NATASHA MASCARENHAS: Thank you for having me. I think a lot of people are forgetting that there was already a downturn. And so it feels a little bit like the downturn collapsed and startups that were already struggling are gonna be struggling a lot more. So the two big questions that I'm hearing from startup founders is, one, where do I keep my money now that my trust has been broken and I'm getting conflicting advice from my venture capitalist, from the markets, from other startups?

And two, I mean, is this gonna happen at other banks? I know, over the weekend I spent a lot of time reporting on founders and VCs putting up their own personal capital to help meet payroll, which set aside a ton of legal questions and implications. And so that just gives you a taste of how frenetic the past weekend, let alone four days was, in Silicon Valley. So many questions from founders on the simple things, just like paying their employees. Let alone, acquiring companies or disrupting AI.

BRIAN SOZZI: Natasha, well, where does the money go from these VCs? They can't hide under their bed. Maybe they could.

NATASHA MASCARENHAS: [LAUGHS] So before, like I said, I think we saw venture capitalists being a little bit more risk averse due to the state of the economy. I think fundraising, from what I'm hearing, is definitely going to be slowing down as people evaluate their next steps. And from founders I'm speaking to, the general advice is decentralize where you're keeping your capital.

Do not put it in one bank, even though we understood why Silicon Valley Bank, the fact that it was with over half of US startups because of the way that it worked with them. Good for them. But now that it no longer exists, you need to diversify. That is the top advice I'm hearing.

As for venture capitalists and how eager they are going to be on spending their own money, I think it has either come from pressure from their own investors or a even brighter bright spot from a startup.
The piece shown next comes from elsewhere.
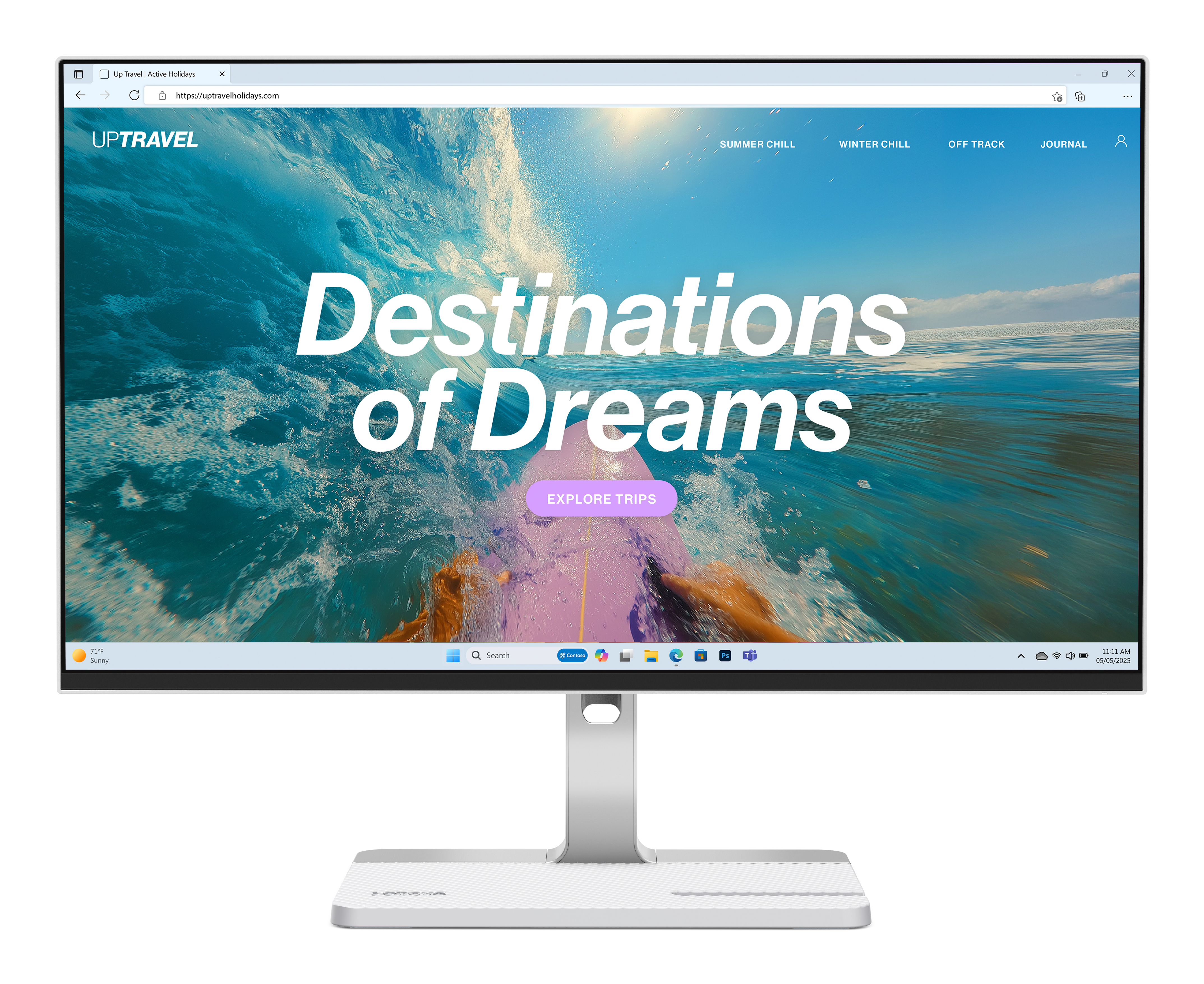 LENOVO L24D-4C 23.8" LCD IPS Full HD HDMI Altavoces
But let's just say, I don't think the investing is gonna be happening super eagerly or at all like 2021.

JULIE HYMAN: Yeah, it definitely feels that way, Natasha, as we look at these companies and what they're gonna do next. As you mentioned, there's already been a slowdown in the industry. But at the same time, it feels like another bank is gonna see opportunities here to maybe tailor itself to these companies.
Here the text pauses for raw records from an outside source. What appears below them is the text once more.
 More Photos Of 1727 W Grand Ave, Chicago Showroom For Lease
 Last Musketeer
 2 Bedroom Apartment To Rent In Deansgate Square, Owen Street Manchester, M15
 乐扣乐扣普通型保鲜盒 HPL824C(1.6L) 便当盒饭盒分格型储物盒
But the companies that you're talking, to the founders that they're talking to-- like usually when you figure out what bank you're going with, you're not worried about their solvency, right? That's not usually like a criteria that you're ticking off of your checklist. Is that changing for these founders? I mean, if they are shopping for another bank, you have to wonder if they're going to be applying a different lens.

NATASHA MASCARENHAS: 100%. I think a lot of people became banking experts overnight. And so big questions still to be answered. But just to give you a sense, I think the immediate question when SVB started to collapse was, OK, what does this mean for the banking startups that have been gearing up for this moment? That conversation started.

And we saw-- we saw an influx of one company, Brooks, get over $1 billion in demand from startups looking for its emergency credit line, representing over $10 billion of the deposits that were then locked up in SVB. That conversation just as fast turned over. Maybe you want to go to a private tech startup. But if you're a startup, do you want to go to a private company or do you want to go to a more traditional looking bank?

This is probably not the time for some investors that you should be risking with a, you know, private company. And so I think there's a lot of questions and, honestly, uncertainty. You know, venture capitalists, like I said, are contradicting each other a little bit here.

We're already seeing some of the alternatives that people were talking about, including First Republic Bank, Western Alliance, and PacWest down 60%, 66%, 45%, in their trading. And I think that gives you a sense of people don't really know where to go next. It just looks like they've to spread it out, which, you know, I wish there was a more clear answer or place to go next.

BRIAN SOZZI: Great insight here. TechCrunch Senior Reporter Natasha Mascarenhas, good to see you as always. Appreciate it.